Coming out as gay opened my perception and understanding of masculinity, sexuality and gender. Using interactions and experiences with male behaviour in both straight and gay men, I critique the broad expressions of masculinity. Such aspects are the unrealistic displays of masculinity and the pressures to attain it. The association between homosexuality and narcissism by casting sex between men as the very image of self-mirroring and the self-scrutiny and objectification the male body is subjected to. My work also celebrates the beauty found in the male form and the expression of queer sensibility.
Using imagery of paradise and pastoral settings to represent my own psyche, I construct these landscapes to express the sexual confidence I have found, and the effect aggressive masculinity has on me. This aggressiveness is expressed through imagery of monoliths that represent the destruction skewed ideas of masculinity can cause. I convey this through the guise of Greek mythology and antiquity. The use of bird motifs represents Fisherian Runaway in men. Fisherian Runaway is a sexual selection mechanism found in birds to account for the evolution of exaggerated male ornamentation by persistent female choice. This sexual mechanism is explored through visuals to express the performative habits of masculinity and how it influences male behaviour.

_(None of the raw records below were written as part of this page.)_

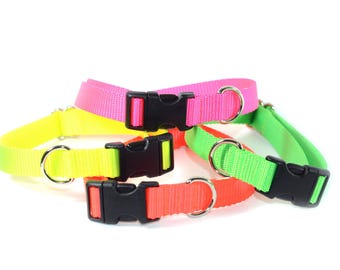 May include: A collection of four nylon pet collars in neon pink, neon yellow, neon green, and neon orange. Each collar features a black plastic side-release buckle, an adjustable slider, and a silver-toned metal D-ring for attaching a leash.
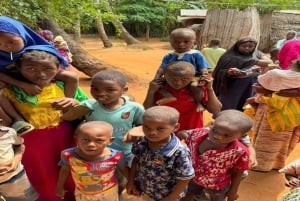 Zanzibar: Landsbytur med lokalt liv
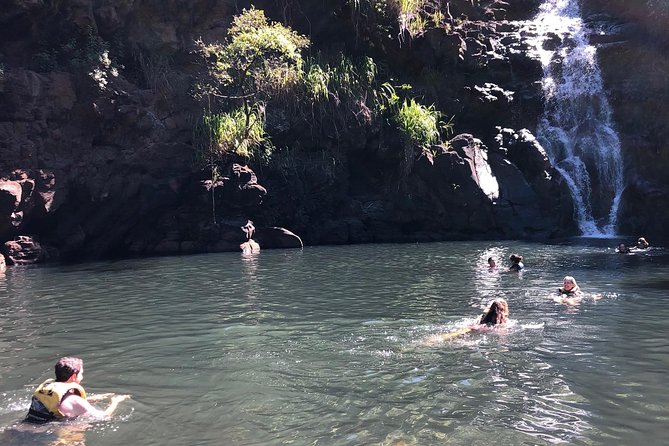 Oahu Private Circle Island Surf and Sea Turtles Tour (Feb ) - Booking Information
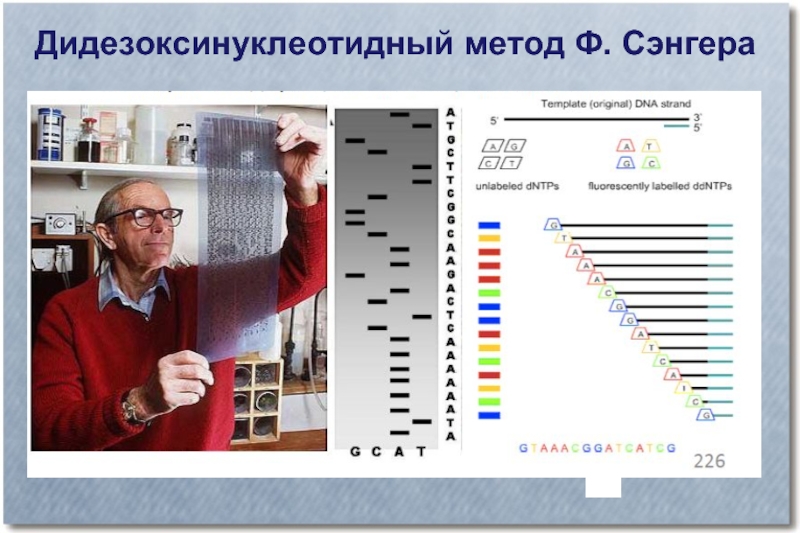 Метод ф. Дидезоксинуклеотидный метод. Метод Сэнгера фото. Метод обрыва цепи. Дидезонуклеотидный метод Сэнгера.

Tell us a bit about yourself and your work
I studied printmaking and contemporary practice at Limerick School of Art and Design where i grduated in November. This course gave me the freedom to experiment with many different types of printmaking techniques, both traditional and digital. This is how I leant my interests in photography, video, silkscreen and collage. I try to combine as much of these techniques and mediums as I can when I am creating. I am inspired by animals, nature, films, fashion, history and mythology. Such artists that influence me are Frida Khalo, Hans Bellmer, Derek Jarman, wilhelm von gloeden, James Bidgood and many others. I always had a liking for surrealist art and take a lot of compositional ideas and displays of the human body from classical, renaissance and rococo art.

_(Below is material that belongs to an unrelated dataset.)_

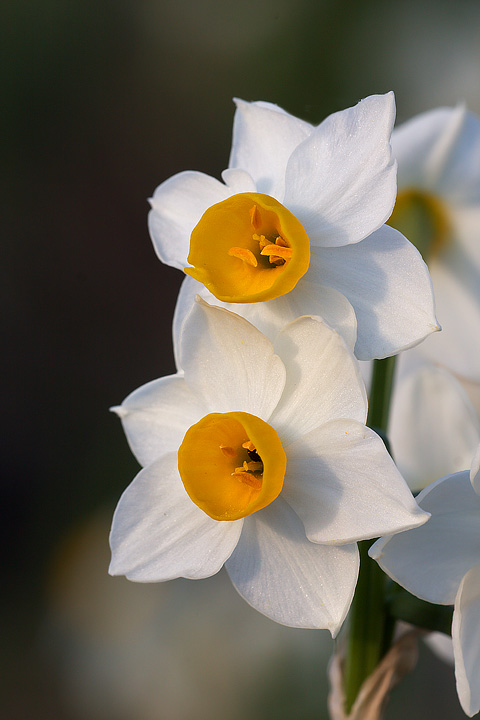<i>Narcissus tazetta</i> L.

What is your working process?
My process for making art changes quick and often depending on what I am trying to create. I mix collage, photography and silkscreen printing processes together often. I would jump from one process to another and the imagery starts piecing together sort of like a puzzle. When it comes to my collage process and gathering my imagery, it is a more meticulous and strict process. I do not use the internet for imagery collecting, I get the majority of my collage pieces from my own photography, natural geographic magazines, postcards, wrappers, zines, photography books and any other kinds of photo books of interest. After I cut them out I then scan them into photoshop to adjust colours and I can then reprint them with higher quality paper and cut them out again if needs be.Being an artist is like being a chameleon, research can dive me deep in historical figure and events, while the next day I can act like a scientist mixing different liquids and chemical processes to achieve different colours, reactions and results during printmaking. A small scissors, a scalpel and glue are the things i can't live without while creating.

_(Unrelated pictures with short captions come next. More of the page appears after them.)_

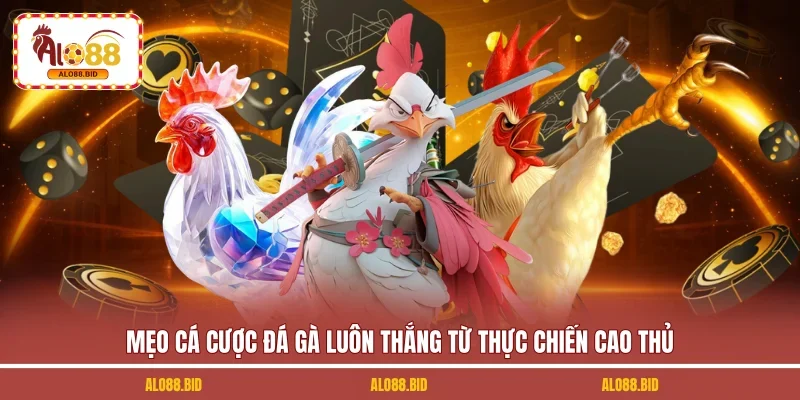 Mẹo cá cược đá gà luôn thắng từ thực chiến cao thủ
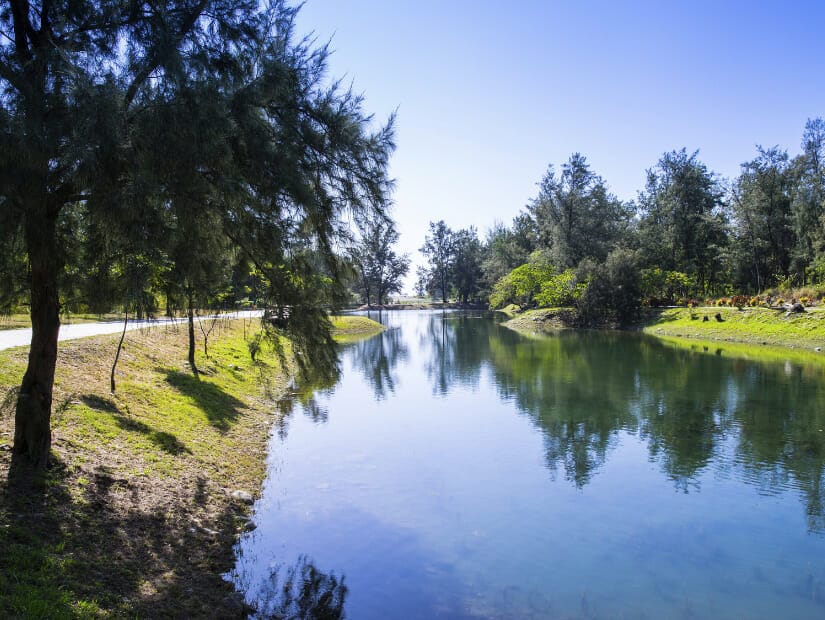 A pond in Taitung Forest Park with trees and walking paths around it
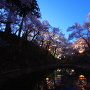 高遠城址公園の夜桜[提供：伊那市観光協会]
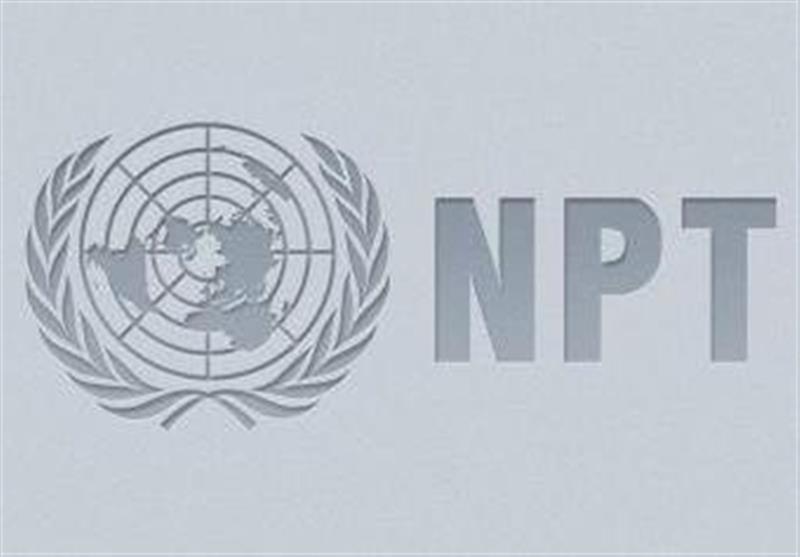 سخنگوی وزارت خارجه: خروج از NPT باید توسط نظام تصمیم‌گیری شود/ تا الان تصمیمی در مجلس در این خصوص اتخاذ نشده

I don't really know how I navigate the art world or even know how to. I just graduated so the college bubble just popped and i'm still new and fresh to big bad world, let alone the art world, but it's all a learning process. Even doing this magazine interview about my art is new to me. Come back to in five years and ask me the same question.
What do you feel the role an artist has in society?
I believe that the role of an artist of any medium in society is to express their ideas and feelings through the visual language. Artists maintain and evolve culture with each new artwork made which I think is an important pillar of society.